The defeat of the Versailles Treaty confirmed the breakdown between Woodrow Wilson and the new Republican majority. But even before the 1918 elections, relations between the two branches had deteriorated. Before the U.S. entrance into World War I, the president was subjected to consistent barbs from Senate progressives for both his Mexican and his preparedness policies. Then, in 1918, Wilson confronted the dilemma of Congress exercising a prior restraint over his response to the Bolshevik Revolution: fear of a congressional investigation blocked a scheme to supply credits to Admiral Aleksandr Vasiliyevich Kolchak's antirevolutionary forces. When Wilson attempted to bypass Congress entirely by sending troops to Russia, the body employed the ultimate sanction: its power of the purse. In 1919 a resolution introduced by Senator Hiram Johnson to cut off funding for the intervention failed on a perilously close tie vote. This demonstration of the critical spirit in Congress convinced the administration that it had no choice but to withdraw the armed forces.

The intensity of the Versailles and Russian battles heightened the importance of foreign policy pressure groups of all ideological persuasions. The pattern continued during the 1920s, especially on military and Latin American issues. As would be the case later in the century as well, such groups tended to influence Congress more than the executive. In 1926, for instance, the U.S. Army's Chemical Warfare Service waged a highly effective lobbying campaign to prevent Senate approval of the Chemical Weapons Treaty, while anti-imperialists and peace groups helped soothe the U.S.–Mexican crisis of 1926–1927. In turn, the greater public interest in foreign policy highlighted the ability of Congress, especially the Senate, to frame consideration of international questions, especially at a time when political reporters spent as much time covering events in the Senate as they did at the White House.
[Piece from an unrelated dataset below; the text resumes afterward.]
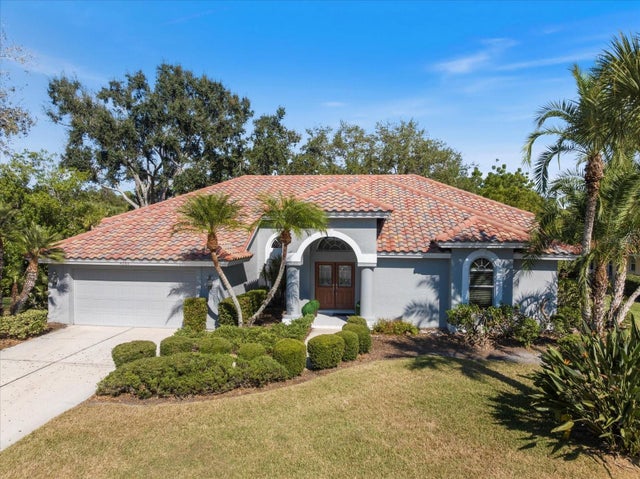 4565 Deer Creek Boulevard, SARASOTA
No figure made better use of this environment than William Borah. Combining his power as Foreign Relations Committee chair with his long-standing identification with the issue, Borah positioned himself as the chief interpreter of the 1929 Kellogg-Briand Pact to outlaw war. He also launched his own venture in private diplomacy in an attempt to prevent a military conflict with Mexico. Those executive initiatives that cleared Congress during the 1920s, such as the Washington Naval Conference treaties of 1921–1922, further confirmed the legislature's influence: the treaties overcame strong Senate opposition largely because the Harding administration appointed two prominent senators, Henry Cabot Lodge and Oscar Underwood to the U.S. negotiating team. When Secretary of State Frank Kellogg proved less willing to involve Congress in his Latin American policy—during his tenure the United States sent marines to Nicaragua without congressional sanction and nearly severed diplomatic relations with Mexico—the legislature responded in kind: in 1929 the Senate passed an amendment authored by C. C. Dill to terminate appropriations for the U.S. intervention in Nicaragua.

The Dill Amendment was the handiwork of the peace progressives, one of the most effective congressional blocs of the twentieth century. Although never more than twelve in the Senate, members of the group displayed remarkable acumen in advancing their ideological agenda. They first attracted notice in the 1910s, when senators such as Borah, La Follette, and George Norris offered an anti-imperialist, antimilitarist critique of Wilson's foreign policy. But the peace progressives made their mark in the 1920s, when they used the Senate's traditional tolerance of dissenters to influence the foreign policy of the Harding, Coolidge, and Hoover administrations. Their tactics included appropriations riders, public hearings to influence popular opinion, covert cooperation with peace groups to leak embarrassing information, and using the prestige of their positions to cement transnational alliances with like-minded groups and individuals overseas. By the end of the 1920s, U.S. policy toward Central America and the Caribbean had moved strongly in an anti-imperialist direction.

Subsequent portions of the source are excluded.